Climate campaign launched to target Cambridge banks
Boycott Banks’ Destruction will target major UK banks to end their involvement in fossil fuel and arms industries, and also aims to end university ties to these banks
A new climate campaign was launched yesterday (01/12) by students across Cambridge and Oxford.
Boycott Banks’ Destruction is a campaign aimed at ending major UK banks’ involvement in the fossil fuel and arms industry or end university ties to them.
The campaign proposes a joint, coordinated effort between JCRs and MCRs of Cambridge to leave Lloyds, Barclays, HSBC, and NatWest, banks which they describe as having “exceptionally poor ethical track records”.
The campaign has recruited 11 JCRs and MCRs across Oxford and Cambridge to pledge to leave the banks in question and become signatories of a letter to the banks listing their demands. The letters were sent yesterday (01/12), with a launch event taking place at St. Catharine’s College.
Following the launch, the Boycott Banks’ Destruction team stated they will provide advice, workshops and troubleshooting to help JCRs and MCRs to move their accounts to alternative banks.
The campaign stated: “All of the banks listed demonstrate a distinct lack of care for the planet and the people who reside on it.

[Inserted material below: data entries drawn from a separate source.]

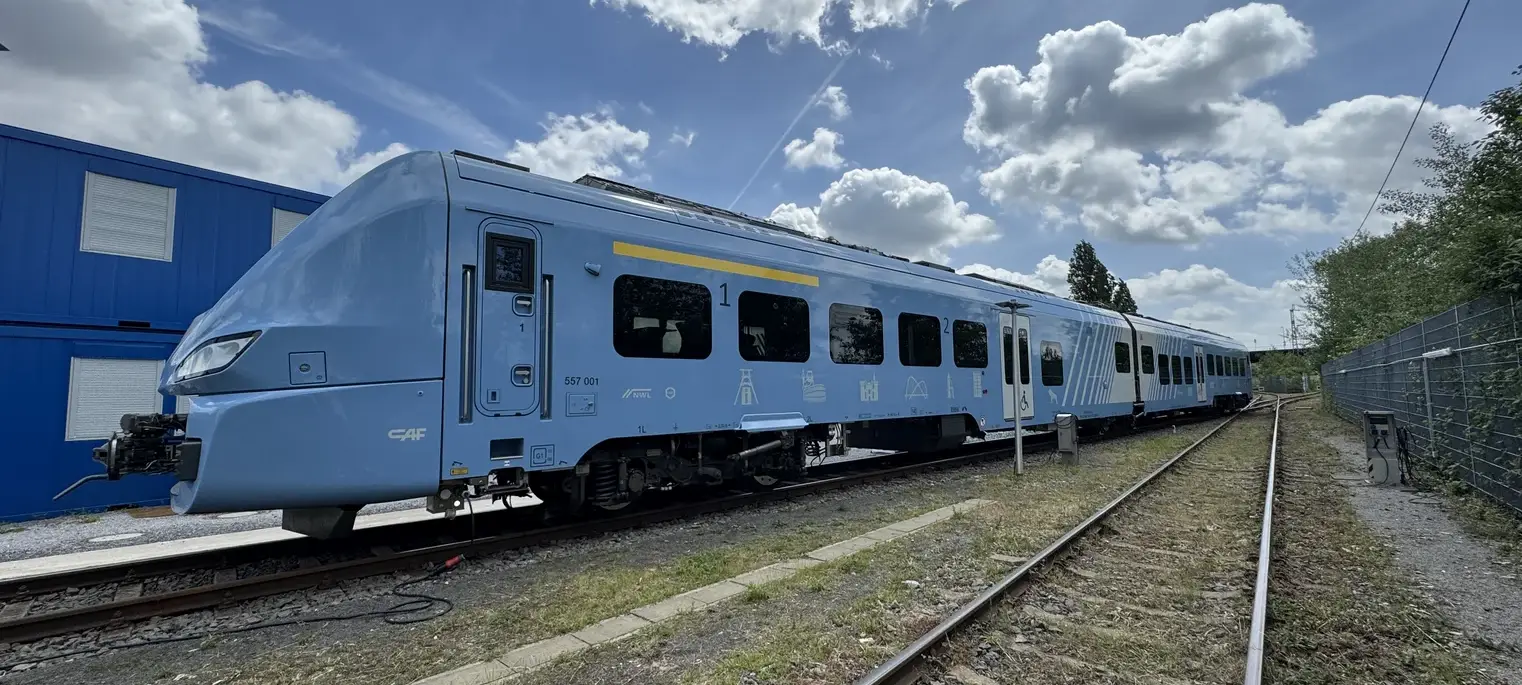 Neue akkubetriebene Züge für Pendler in Moers und Xanten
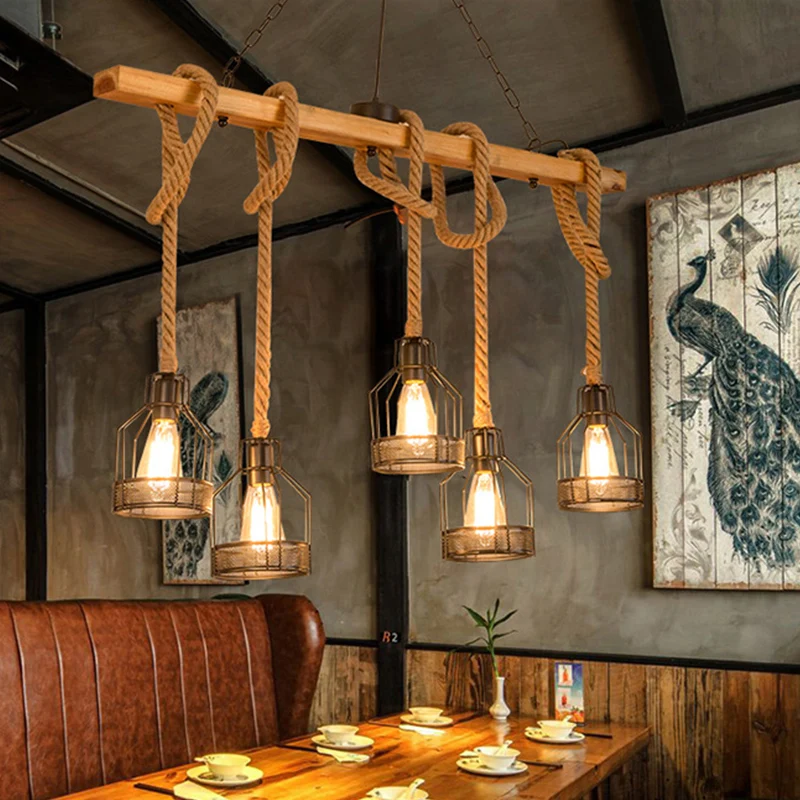 Professionele Waterdichte Houten lineaire eilandlamp Rustieke hanglamp voor restaurants met gaaskooi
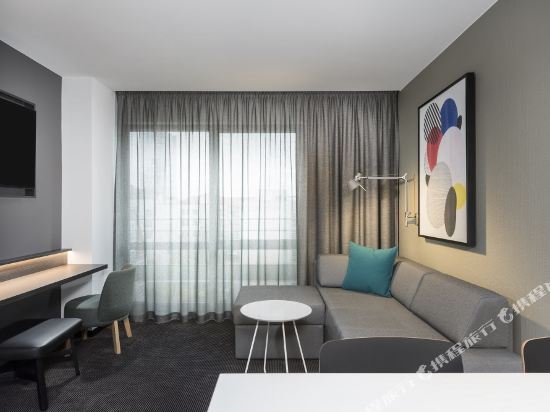 Фото Adina Apartment Hotel Leipzig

They are involved in financing some of the biggest fossil fuel extractors and arms companies on the planet.
“Some of the banks involved place exceptionally highly in the world rankings for the top funders of the climate crisis. They have also been implicated in financing weapons which may have been involved in war crimes.”
They went on to say that, in recent years, students have been campaigning to end Cambridge’s involvement in funding “climate chaos and the arms trade”, but this is “not enough” and “Cambridge is not alone in its guilt.”
They added: “Even if Cambridge colleges ended all their private investments in fossil fuels and arms, they would not have a clear conscience; the banks in which we place our money play a huge role in how college money finances the climate crisis and wars around the world. Our money will continue to support climate breakdown and war unless we take action.”